Bahasa "alay" atau bahasa gaul di Indonesia ternyata tidak
hanya berlangsung pada zaman sekarang saja, bahkan telah ditemukan
sejak tahun 1835 silam. Hal tersebut dikemukakan SST. Wisnu Sasongko,
pakar bahasa dari Badan Pengembangan dan Pembinaan Bahasa RI, pada
acara pemantauan dan sosialisasi penggunaan bahasa di ruang publik,
yang digelar di hotel Rahmat Gorontalo, Rabu.
Menurut dia, bahasa alay ditemukan pada naskah bertuliskan
huruf Jawa kuno, yang berjudul "Angling Dharma". Dalam naskah itu,
kata ratu ditulis dengan menggunakan kata "Ro" sebanyak tujuh kali
sehingga terbaca sebagai ratu. Padahal jika merujuk pada tata bahasa
jawa kuno, semestinya kata ratu ditulis dengan menggunakan "Ro", "To"
dan "Wulu".
"Kalau hanya ditulis dengan Ro sebanyak tujuh kali, maka
artinya menjadi tujuh atau pitu sehingga terbaca `R` dan `Tu`,"

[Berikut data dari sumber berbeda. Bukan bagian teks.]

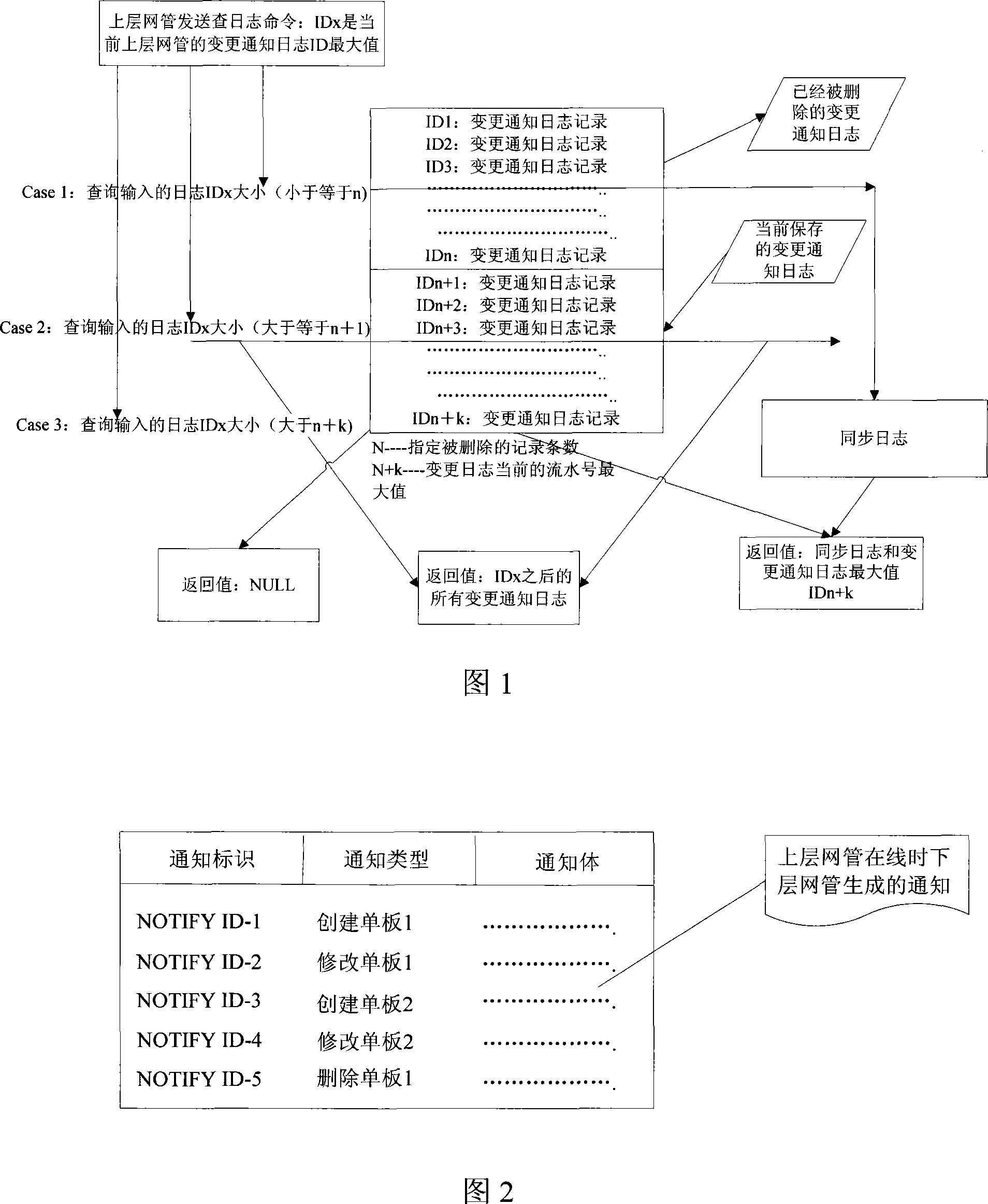 A method for improving data synchronization efficiency via the incremental mode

jelasnya. Untuk itu, menurutnya, bahasa alay senantiasa ada setiap
zaman, namun hal itu tidak perlu dikhawatirkan dapat merusak tatanan
bahasa Indonesia.
"Sifatnya hanya sementara, tidak akan bertahan lama," kata
dia. Acara pemantauan dan sosialisasi penggunaan bahasa di ruang
publik, diikuti oleh wartawan, penyiar radio, serta staf humas
sejumlah instansi pemerintahan di Gorontalo.
Dalam kesempatan itu, Badan Bahasa juga menyosialisasikan
undang-undang RI nomor 24 tahun 2009 tentang Bendera, Bahasa dan
Lambang Negara serta Lagu Kebangsaan.